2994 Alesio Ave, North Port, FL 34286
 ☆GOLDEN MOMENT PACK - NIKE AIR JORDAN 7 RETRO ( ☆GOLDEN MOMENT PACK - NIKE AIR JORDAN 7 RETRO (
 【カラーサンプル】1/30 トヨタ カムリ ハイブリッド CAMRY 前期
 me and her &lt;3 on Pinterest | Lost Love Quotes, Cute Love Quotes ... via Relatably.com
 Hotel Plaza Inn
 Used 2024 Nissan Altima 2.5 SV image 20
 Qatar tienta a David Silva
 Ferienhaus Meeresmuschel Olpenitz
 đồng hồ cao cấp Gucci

Required work -> Using the records above as the source, restate each line verbatim.

Answer ->
2994 Alesio Ave, North Port, FL 34286
 ☆GOLDEN MOMENT PACK - NIKE AIR JORDAN 7 RETRO ( ☆GOLDEN MOMENT PACK - NIKE AIR JORDAN 7 RETRO (
 【カラーサンプル】1/30 トヨタ カムリ ハイブリッド CAMRY 前期
 me and her &lt;3 on Pinterest | Lost Love Quotes, Cute Love Quotes ... via Relatably.com
 Hotel Plaza Inn
 Used 2024 Nissan Altima 2.5 SV image 20
 Qatar tienta a David Silva
 Ferienhaus Meeresmuschel Olpenitz
 đồng hồ cao cấp Gucci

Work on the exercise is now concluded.